September 25, 2016 @ 3:00 pm - 5:00 pm

Free

Description: In the fourth century BCE, the citizens of Epidauros, a small polis in the Peloponnese, launched a massive building program at the nearby, much visited healing sanctuary of the god Asklepios, son of Apollo. In terms of labor, design, and expense, the most impressive and sophisticated structure belonging to this program was a mysterious round building located at the very center of the sanctuary, a building known from ancient sources as the thymele.

Since its excavation in the nineteenth century, archaeologists have proposed a wide range of interpretations for this building, such as that it was Asklepios’s tomb, or a council house, a dining hall, an astronomical tool, or a library. A curious hole at the center of the thymele’s floor opened into unique, labyrinthine foundations. This substructure has been interpreted as a well, an offering pit, a maze through which worshippers wandered like initiates in a mystery cult, or a residence for Asklepios’s sacred snakes.

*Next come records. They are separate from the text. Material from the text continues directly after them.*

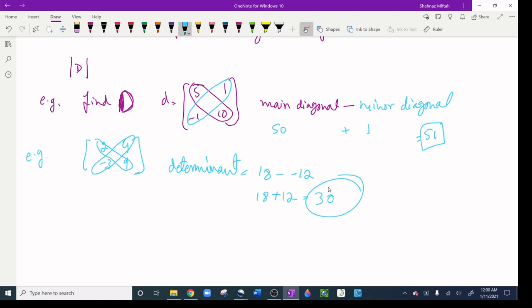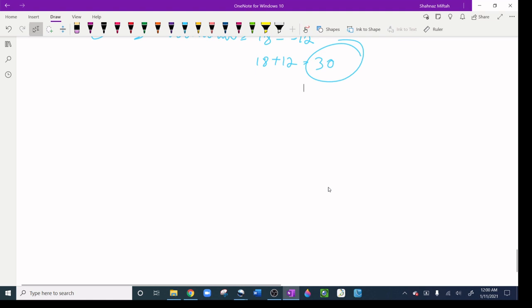For a 2 by 2 matrix, it's kind of easy — you just multiply diagonally and multiply the other diagonal, then subtract. But if you have to find the determinant of a 3 by 3 matrix, that's a completely different thing. We're going to go really slow on this because there's a lot of steps involved.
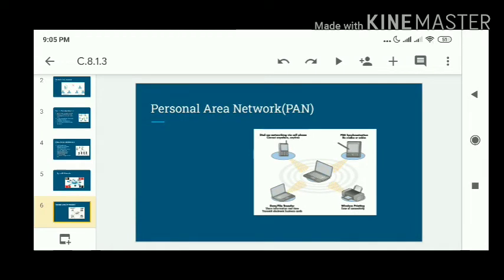We will discuss them one by one. The first one is PAN — the personal area network — that enables communication between computers, mobile devices, and other devices within a range of some meters.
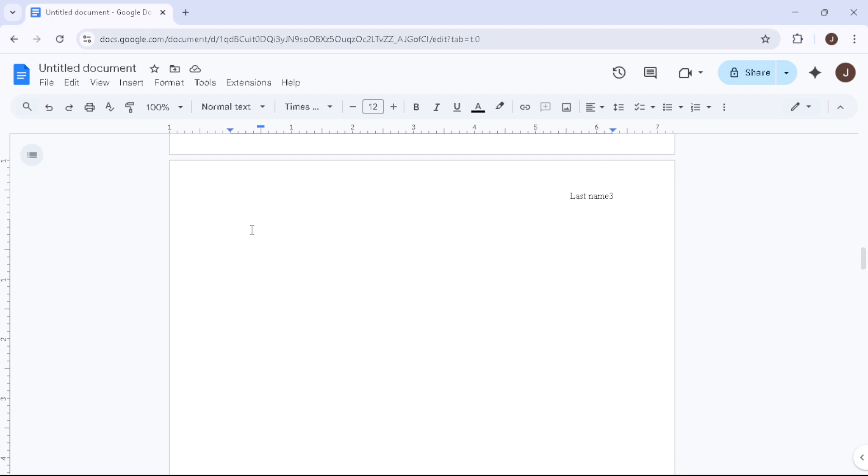First, let's navigate to Google Docs by typing docs.google.com into your web browser. A word of caution, make sure you're logged into your Google account so you can access all your documents without any hiccups.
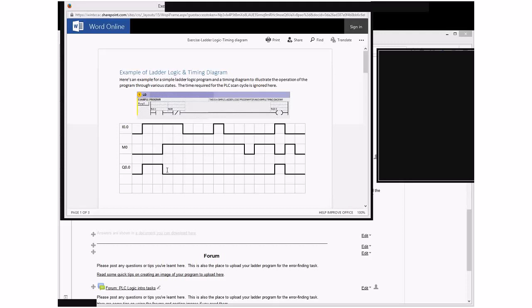And you can follow through the rest of these ones yourself. And look at the other examples in this program.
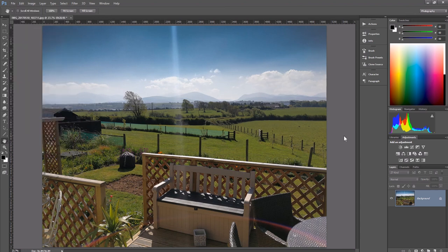So there we have it, how to just add a bit of detail back into your sky. And I hope it's something you see. Thanks guys.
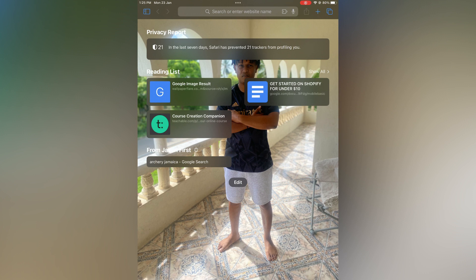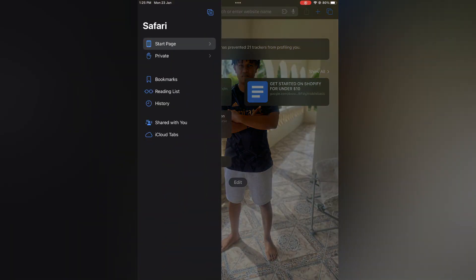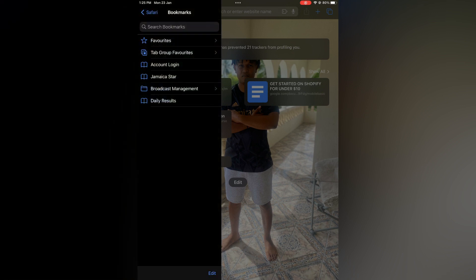hand corner, right below the time. That blue icon right there that looks like a book - you are going to tap on that. Then you are going to select Bookmarks, and from here you will see Favorites. You are going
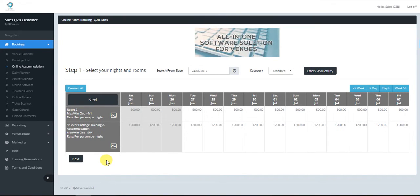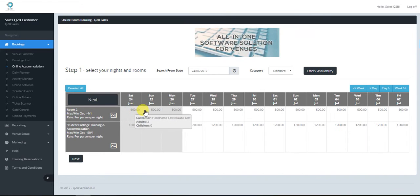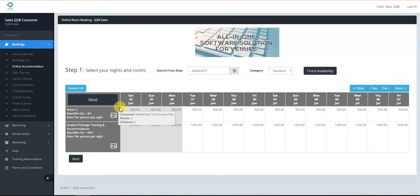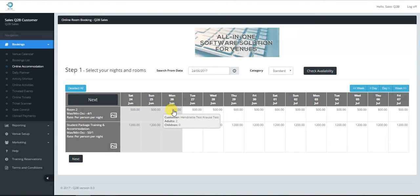If you log into the venue and scroll over the room, you will see the customer that's booked in there and how many adults and children. If you're outside, it will just show as not available.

In this talk, we will explore another potential solution to the mystery of the thymele’s form and function. I will suggest that this building served as a space for musical performance, and that this sacred music fulfilled a therapeutic role at the heart of Asklepios’s most famous healing sanctuary.

Dr. Bronwen L. Wickkiser is the Theodore Bedrick Associate Professor of Classics at Wabash College in Indiana. Much of her research focuses on religion and medicine in Greek and Roman antiquity, especially as evident in the cult of the healing god Asklepios. Wickkiser’s first book, Asklepios, Medicine, and the Politics of Healing in Fifth-Century Greece (Johns Hopkins 2008) argues that medical and political factors together fueled the cult’s rapid rise in popularity as worshippers sought a capable healer for the body politic as well as the physical body. A new project explores references to the classical past in the Confederate Memorial at Arlington National Cemetery and the complex relationships between religious and civil liberty in our nation’s not too distant, classically leaning past. Wickkiser is the recipient of numerous fellowships from institutions such as the National Endowment for the Humanities and the American School of Classical Studies at Athens.

Bronwen L. Wickkiser

General Information:
All lectures are held on Sunday afternoons at 3:00 p.m. in Sabin Hall Room G90 on the UWM Campus (3413 North Downer, corner of Newport and Downer Avenues). On Sundays, parking is available in the Klotsche Center surface lot directly north of Sabin or on nearby streets.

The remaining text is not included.